Taxonomia Filosófica - Usa Jerónimo Pizarro(33)

Ecloga de Pedro


Ecloga de Pedro

Não sei onde te vi nem quando. Não sei se foi n'um quadro ou se foi no campo real, ao pé de arvores e hervas contemporaneas do corpo; foi n'um quadro talvez, tão idyllica e legivel é a memoria que de ti conservo.
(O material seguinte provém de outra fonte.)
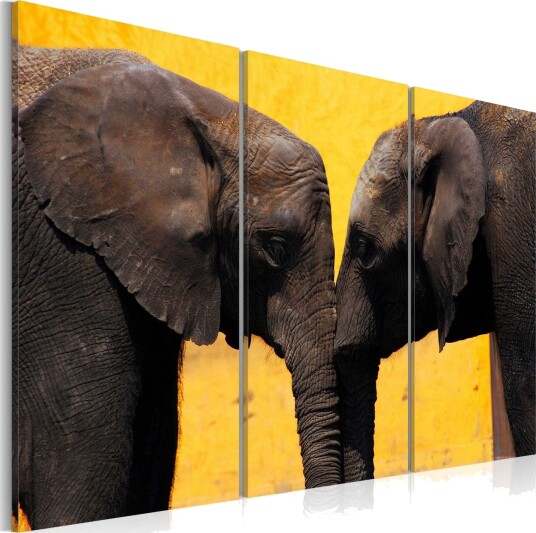 Bilde Elephant Kiss 120x80 Artgeist sp. z o. o.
Nem sei quando isto [se] passou, ou se se passou realmente — porque póde ser que nem em quadro eu te visse —, mas sei com todo o sentimento da minha intelligencia que esse foi o momento mais calmo da minha vida.

Vinhas, boeirinha leve, ao lado de um boi manso e enorme, calmos pelo risco largo da estrada. Desde longe — parece-me — eu te vi, e vieste até mim e passaste. Pareceste não reparar na minha presença. Ias lenta e guardadora descuidada do boi grande. O teu olhar esquecera-se de lembrar e tinha uma grande clareira de vida de alma; abandonara-te a consciencia de ti propria. N'esse momento nada mais eras do que um ☐

Vendo-te recordei que as cidades mudam mas os campos são eternos. Chamam biblicas as pedras e aos montes, porque são os mesmos, do mesmo modo, que os dos tempos biblicos deviam ter sido.

É no recorte passageiro da tua figura anonyma que eu ponho toda a evocação dos campos, e a calma toda que eu nunca tive chega-me á alma quando penso em ti. O teu andar tinha um balouçar leve, um ondular incerto, em cada gesto teu pensava a idea d'uma ave; tinhas trepadeiras invisiveis enroscadas no ☐ do teu busto. O teu silencio — era o cahir da tarde e balia um cansaço de rebanhos, chocalhando, pelas encostas /pallidas/ da hora — o teu silencio era o canto do ultimo pegureiro que, por esquecido de uma ecloga nunca escripta de Virgilio, ficou eternamente incantado, e eterna nos campos, silhueta. Era possivel que estivesses sorrindo; para ti apenas, para a tua alma, vendo-te a ti na tua idea, a sorrir. Mas os teus labios eram calmos como o recorte dos montes; e o gesto, que deslembro, de tuas mãos rusticas engrinaldado com flores do campo.

Foi n'um quadro, sim, que te vi. Mas d'onde me vem esta idea de que te vi approximares-te e passares por mim e eu seguir, não me voltando para traz por te estar vendo sempre e ainda? Estaca o Tempo para te deixar passar, e eu erro-te quando te quero collocar na vida — ou na semelhança da vida.